Approved by the Jewish Community Relations Council of San Francisco, the Peninsula,Marin, Sonoma, Alameda and Contra Costa Counties March 12, 1997

Domestic Violence is emotional abuse, or physical abuse; or the threat of such abuse, when one person exerts control over another person.1 Domestic violence is the most prevalent cause of injury to women in the United States.2 Although domestic violence affects both genders, ninety-five percent of documented domestic assaults in the nation are by men against women.3 Domestic violence is also a major cause of homelessness of women and children.

Domestic violence touches upon the lives of people from all socioeconomic levels, ethnic groups, sexual orientations, and religious groups, including the Jewish community. Numerous studies and surveys have been conducted over the past two decades with results showing that domestic violence affects a significant percentage of Jewish families.4 In response, Jewish domestic violence shelters have been opened in Chicago, New York, Los Angeles, and Toronto.

Jewish women often stay in violent relationships longer than women in the non-Jewish community.5 Reasons for this fact vary, although it is in part due to concern with maintaining shalom bayit (peace in the home). Within the Jewish community, shame and disbelief around the issue of domestic violence often prevent victims of abuse from seeking and receiving the help that they need.

Domestic violence also has a profound effect on children. Children who are raised in an abusive home often grow up in a constant state of siege, and are unable to mature through the normal stages of child development. They are much more likely to grow up thinking that violence is a part of normal interaction between people, and, therefor are more likely to become abusers or victims as adults.

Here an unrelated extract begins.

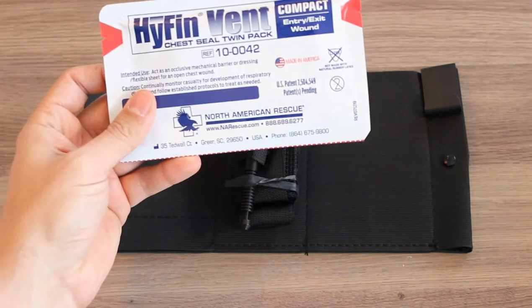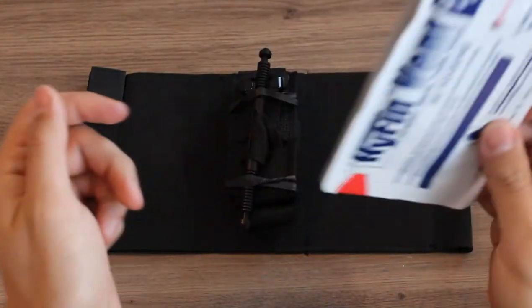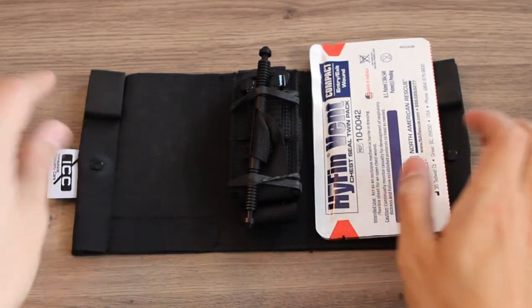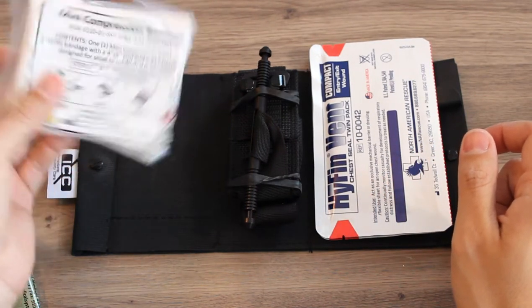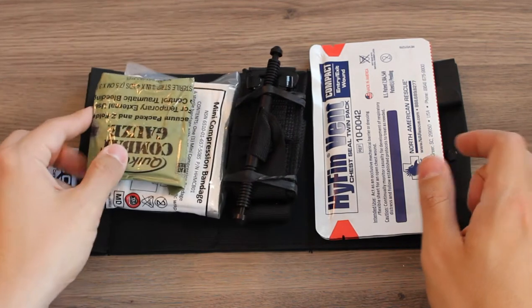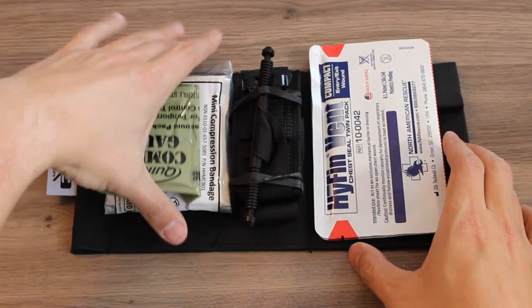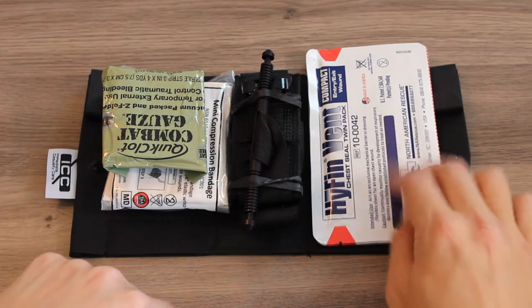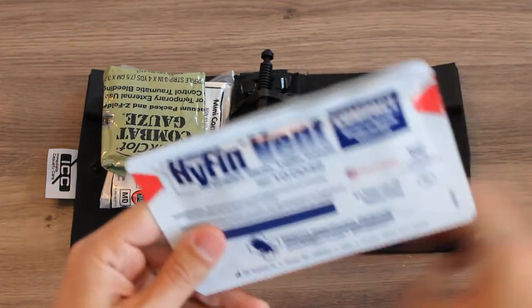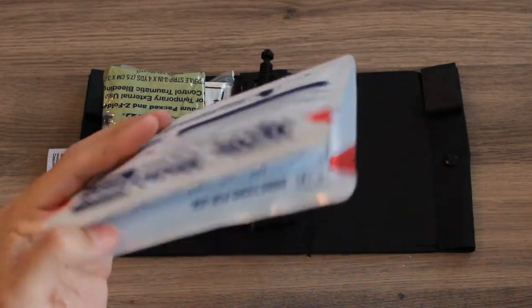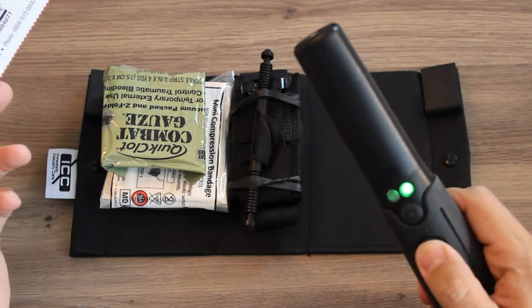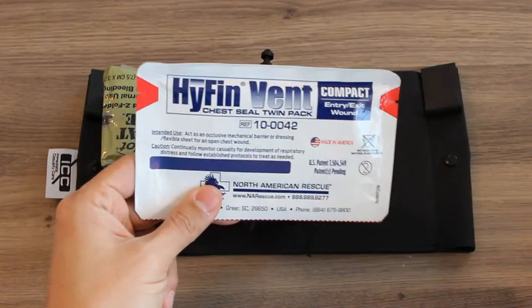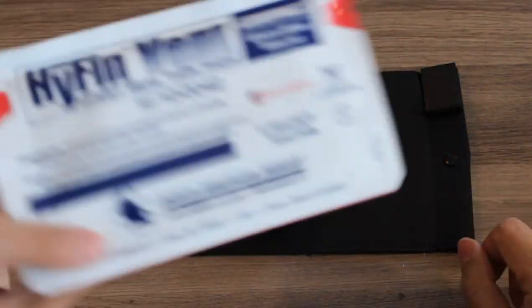We can put Hyphen vent seals—two is one, one is none—in this compartment. Then you can put something like the H&H Mini Compress Bandage as well as some combat gauze in this compartment. I'll show you this system with the items in it here in a bit. But chest seals like the Hyphen as well as the Halo have a metal signature to them. They're lined with a foil-type packaging on the inside, so when you have the metal detector it will set off the wand.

In order to raise awareness, and decrease the incidence, of domestic violence in the general and Jewish communities, it will be the policy of the Jewish Community Relations Council to:

  1. Support appropriate legislation which provides for education about domestic violence to judges, parole and probation officers, law enforcement officials, teachers (in public schools and elsewhere), health-care workers and other appropriate community leaders.
  2. Consider the issue of domestic violence when reviewing welfare reform and immigration legislation.
  3. Sponsor and participate in educational programs for the community addressing the issue of domestic violence.
  4. Develop a list of resources (in coordination with other advocacy groups) for members of the Jewish community, and encourage volunteer work in the area of domestic violence.
  5. Develop working relationships with agencies, religious institutions, advocacy organizations and coalitions that address the issue of domestic violence.
  6. Support appropriate legislation that would provide funding for protective and support programs for victims of domestic violence.

Notes

  1. California law states that domestic violence is abuse perpetrated against: a spouse or former spouse; a cohabitant or former cohabitant; a person with whom the respondent is having or has had a dating or engagement relationship; a person with whom the respondent has had a child.
  2. “Violence Against Women in California” published by the California Elected Women’s Association for Education and Research, citing report from the Centers for Disease Control. 
  3. “Violence Against Women in California,” citing Federal Bureau of Justice statistics.
  4. In a 1991 survey by the Jewish Family & Children’s Services of Philadelphia, 14% of 431 Jewish respondents stated that they had been physically or psychologically abused by their partners; in a survey conducted by the Jewish Family Service of Los Angeles, Family Violence Project, 30% of 209 respondents in the Jewish community reported family violence and 22 respondents reported cases of spousal abuse; in an interview with the Executive Director of the Transition Center, a kosher shelter for battered women in Queens, New York, she stated that domestic violence exists in 15–19% of Jewish homes; the Jewish Family Service in Fort Lauderdale, Florida, in a 1994 study entitled “What is Family Violence?” reports that between 25%–33% of all American Jewish families experience domestic violence.
  5. Liane Clorfene-Casten, “A Chicago Haven for Jewish Battered Women,” Lilith, Winter 1993 (reports that Jewish women stay in abusive relationships for 7–13 years whereas women in non-Jewish homes stay in such relationships for 3–5 years); the “Jewish women International Resource Guide for Rabbis indicates that in a survey conducted by the coalition on Domestic Violence in Cleveland, Ohio, of those women reporting spousal abuse, less than 50% sought assistance to escape their situation.